Ann seguía inspeccionando la planta, y Sax se calló. Está viva, quería decirle. Dado que los miembros de una biosfera dependen de los otros para existir, la planta forma parte de tu cuerpo. ¿Cómo puedes odiarla?
Pero ella se negaba a recibir el tratamiento.
El mar de hielo era una llamarada de bronce y coral. El sol se estaba poniendo, tendrían que regresar. Ann se incorporó y echó a andar, una silueta oscura, silenciosa. Sax podía hablarle al oído, incluso en ese momento, cuando ella estaba a cien metros de distancia, a doscientos, una diminuta figura negra en la gran llanura del mundo. Pero no le habló; habría sido una invasión de su intimidad, de sus pensamientos. Pero cuánto deseaba Sax conocer aquellos pensamientos, preguntarle ¿qué piensas? Háblame, Ann. Comparte tus pensamientos.

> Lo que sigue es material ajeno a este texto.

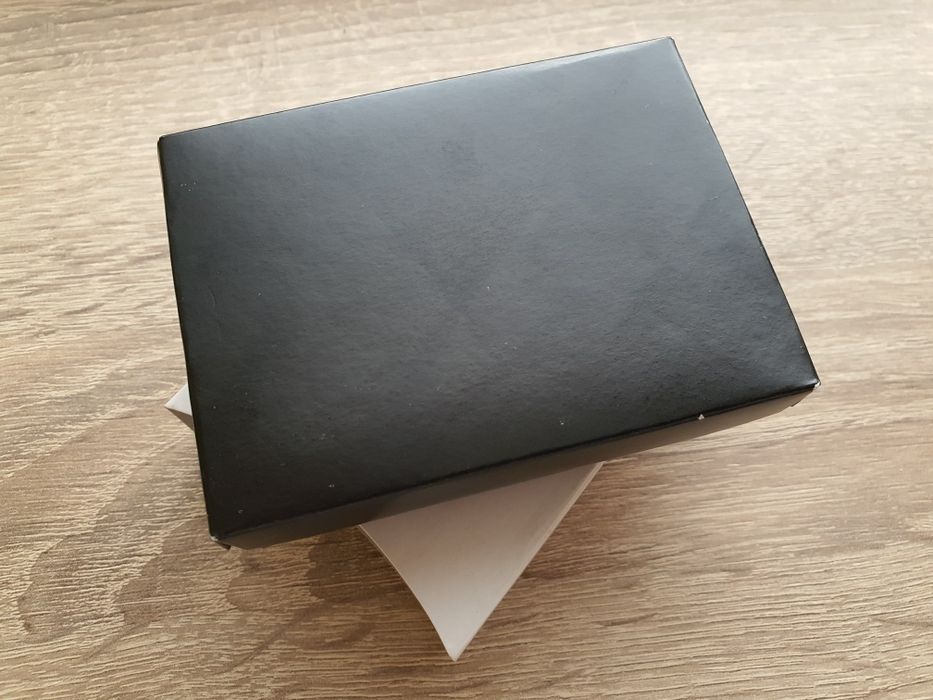 Комплект обици и колие от Avon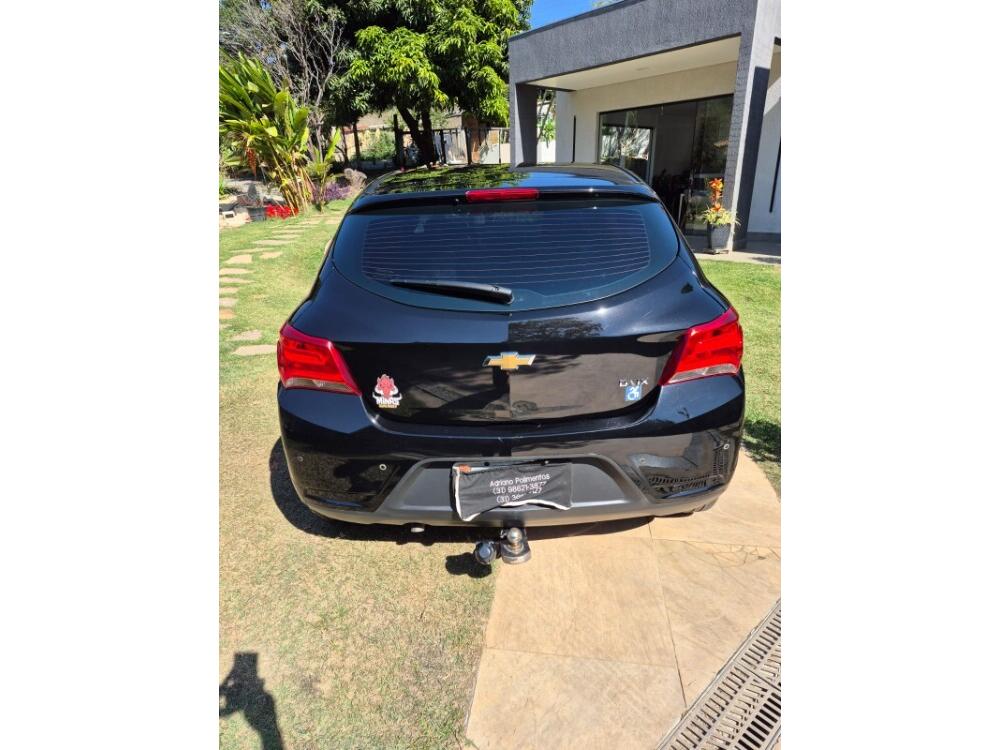 Chevrolet Onix Hatch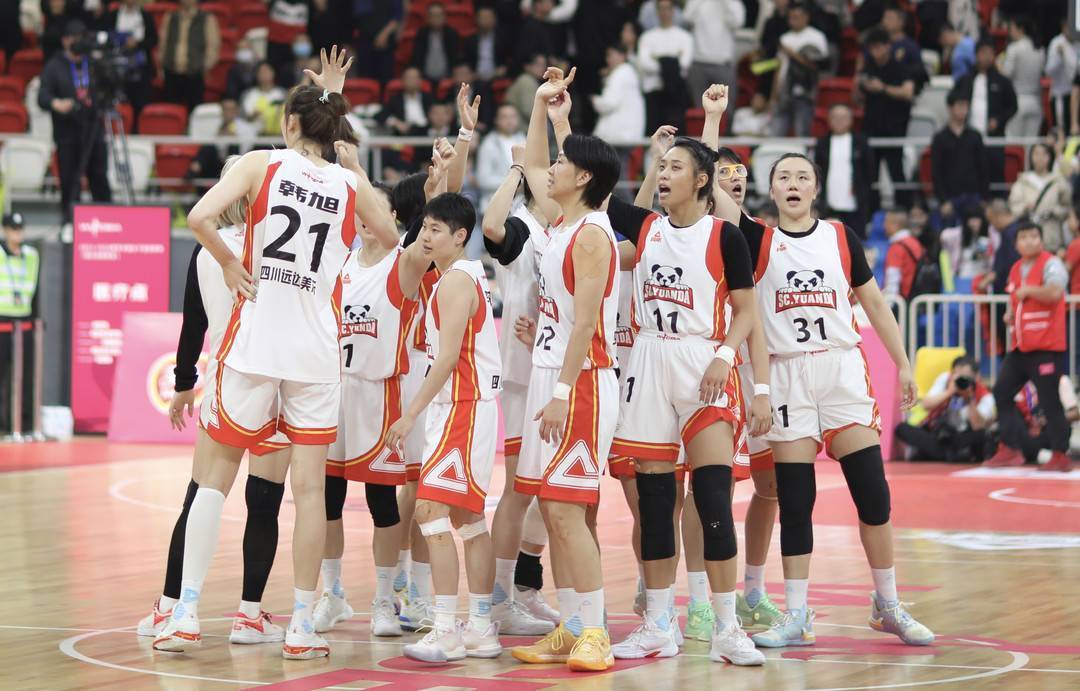 戴上总冠军戒指 四川女篮取得WCBA新赛季开门红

El intenso deseo de hablar con alguien, agudo como cualquier otro dolor; a eso se refería la gente cuando hablaban de amor. O más bien eso era lo que Sax reconocería como amor. Sólo el intenso deseo de compartir los pensamientos. Sólo eso. Oh, Ann, por favor, háblame.
Pero Ann no le habló. En ella las plantas no parecían producir el mismo efecto que en él. Parecía odiarlas de verdad, pequeños emblemas de su cuerpo, como si la viriditas no fuera más que un cáncer que la roca debía padecer. En los crecientes ventisqueros las plantas ya casi no se distinguían. Estaba oscureciendo, se avecinaba otra tormenta, nubes bajas sobre un mar de oscuridad y cobre. Un cojín de musgo, una superficie de roca cubierta de liquen; pero casi todo era roca desnuda, como había sido siempre. No obstante...
Y entonces, en la puerta de la antecámara del refugio, Ann se desvaneció. Al caer su cabeza golpeó contra el marco de la puerta. Sax sostuvo el cuerpo inerte cuando estaba a punto de derrumbarse sobre un banco adosado a la pared interior. A medias la cargó, a medias la arrastró a través de la antecámara. Después cerró la puerta exterior, y cuando la cámara estuvo presurizada la arrastró hasta el vestuario. Debía de haber estado gritando por la frecuencia común, porque cuando se quitó el casco, había cinco o seis rojas en la habitación, más de las que había visto en el refugio hasta el momento. Una de las mujeres que le habían puesto tantas trabas, la bajita, resultó ser el médico de la estación, y cuando colocaron a Ann sobre una mesa con ruedas que hacía las veces de camilla, la mujer abrió la marcha hacia la clínica médica del refugio, y allí se hizo cargo de todo. Sax ayudó en lo que pudo, quitó las botas de los largos pies de Ann con manos temblorosas. Su pulso, comprobó su consola de muñeca, era de 145, y se sentía acalorado y mareado.